ASSIGNMENT:
Copy, word for word, the lines below from the one containing "A terrible view" up to and including the one containing "491 Foxbank Plantation", with pictures left out.

MATERIAL FOR THIS EXERCISE:
Start of Block

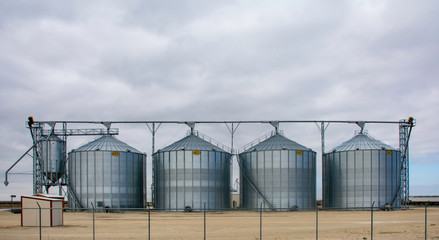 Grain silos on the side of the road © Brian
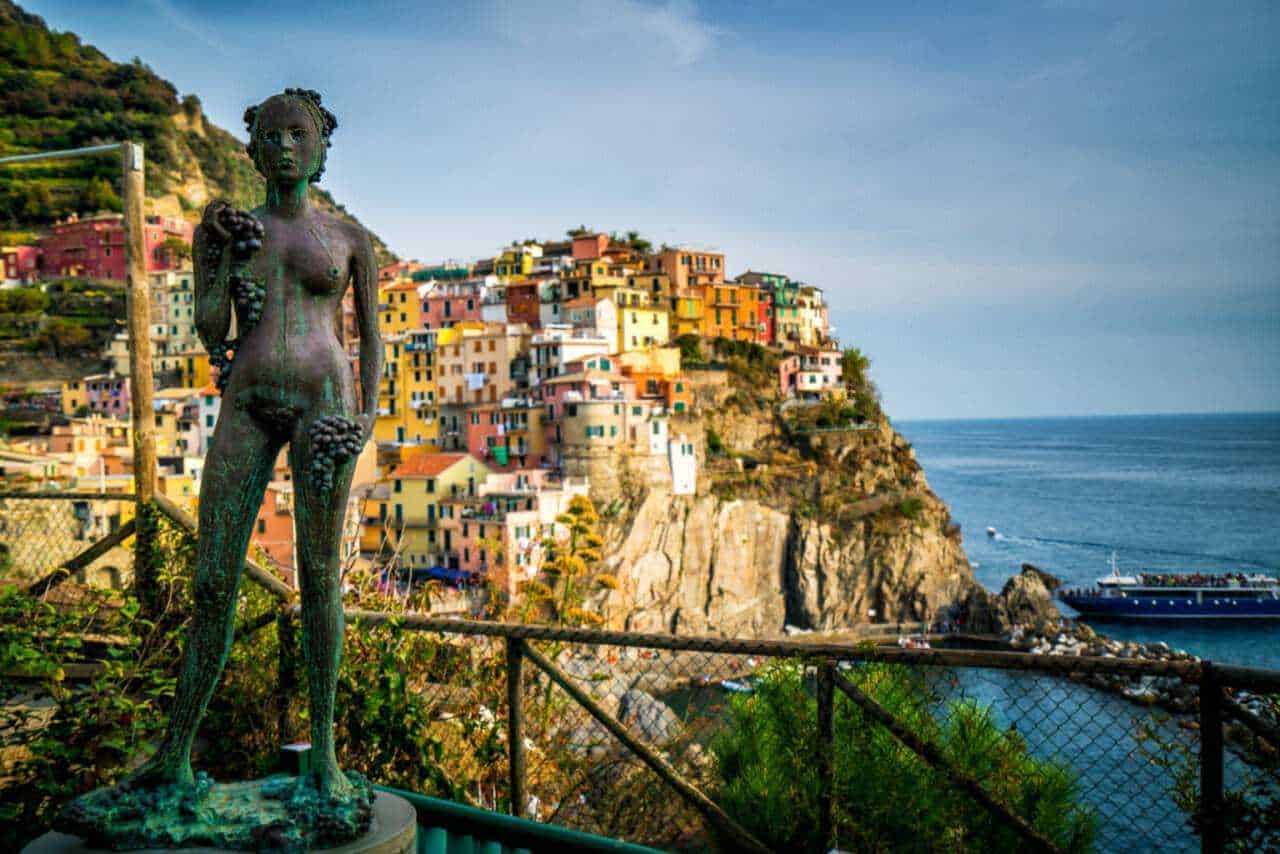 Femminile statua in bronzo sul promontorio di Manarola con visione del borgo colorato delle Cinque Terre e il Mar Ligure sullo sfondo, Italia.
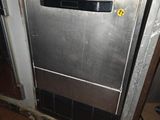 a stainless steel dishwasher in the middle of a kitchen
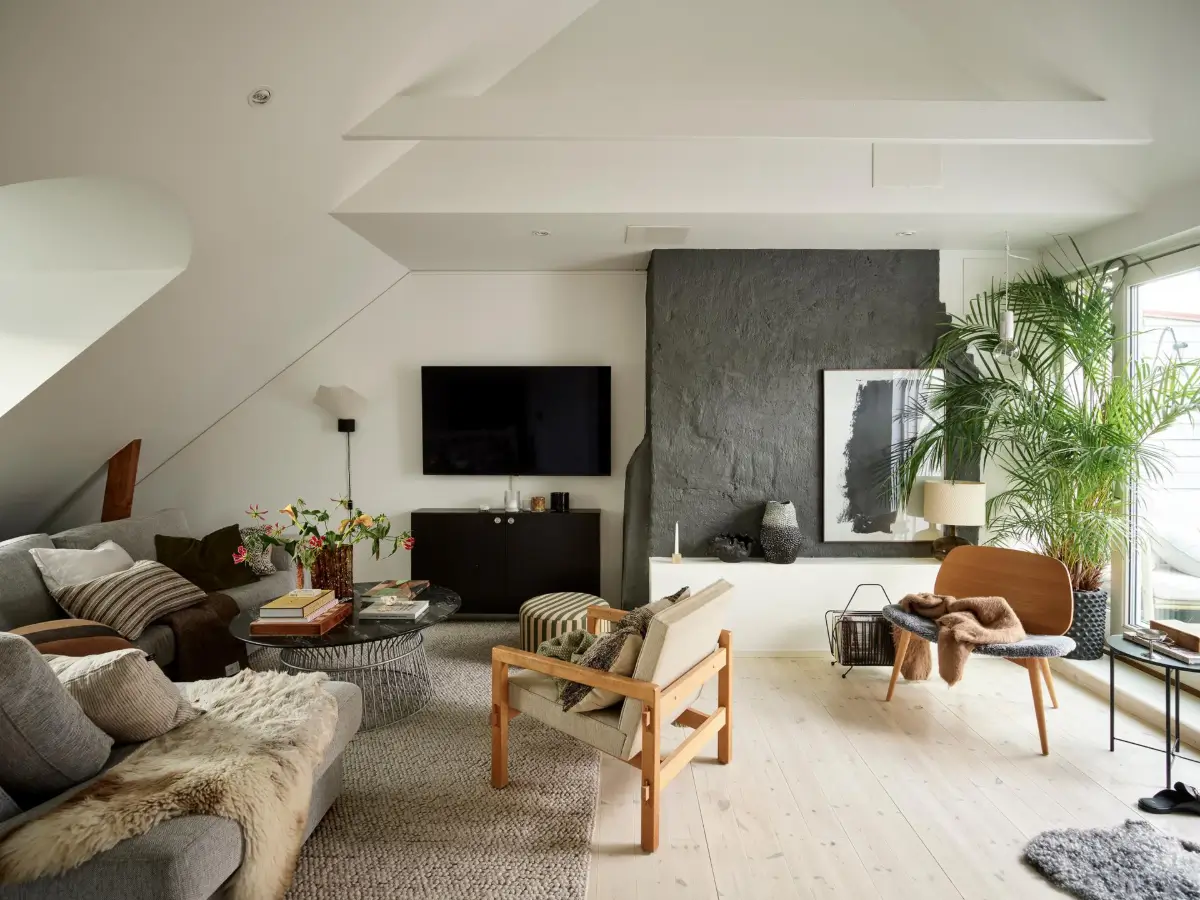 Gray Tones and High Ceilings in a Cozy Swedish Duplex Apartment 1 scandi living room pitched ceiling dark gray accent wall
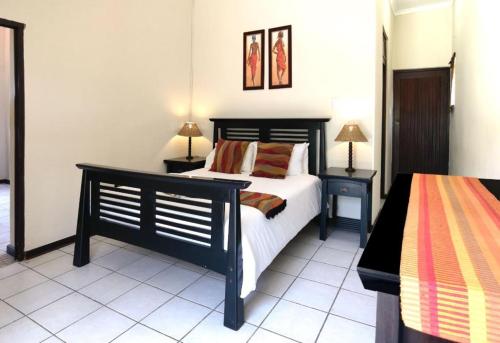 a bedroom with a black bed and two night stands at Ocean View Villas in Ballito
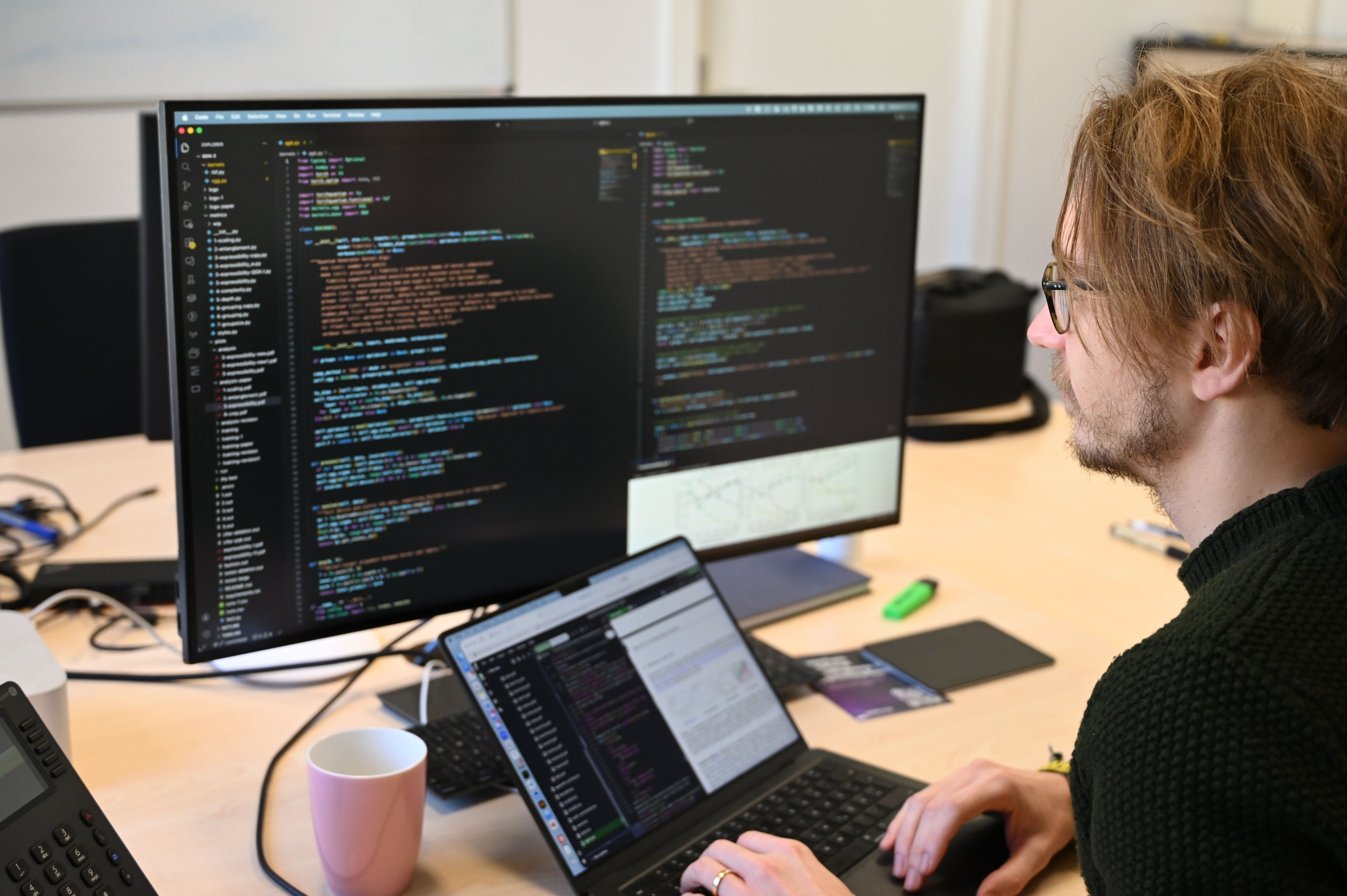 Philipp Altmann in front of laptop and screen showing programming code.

End of Block
Start of Block

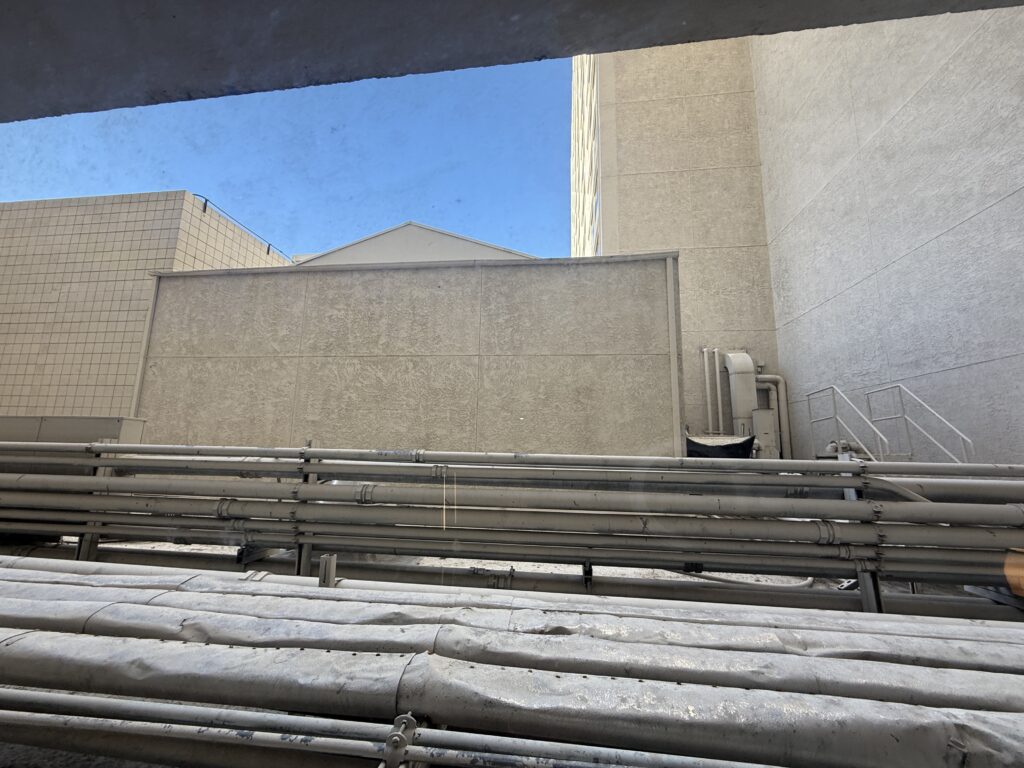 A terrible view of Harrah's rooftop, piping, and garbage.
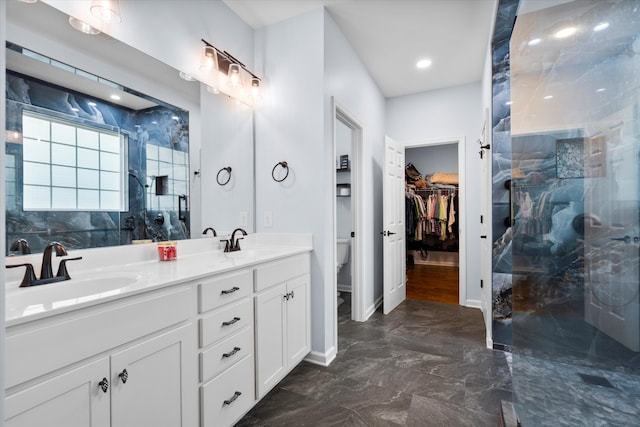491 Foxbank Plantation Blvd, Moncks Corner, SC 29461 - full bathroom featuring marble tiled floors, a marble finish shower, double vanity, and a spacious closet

End of Block

SOLUTION FOR THIS PROBLEM:
 A terrible view of Harrah's rooftop, piping, and garbage.
491 Foxbank Plantation Blvd, Moncks Corner, SC 29461 - full bathroom featuring marble tiled floors, a marble finish shower, double vanity, and a spacious closet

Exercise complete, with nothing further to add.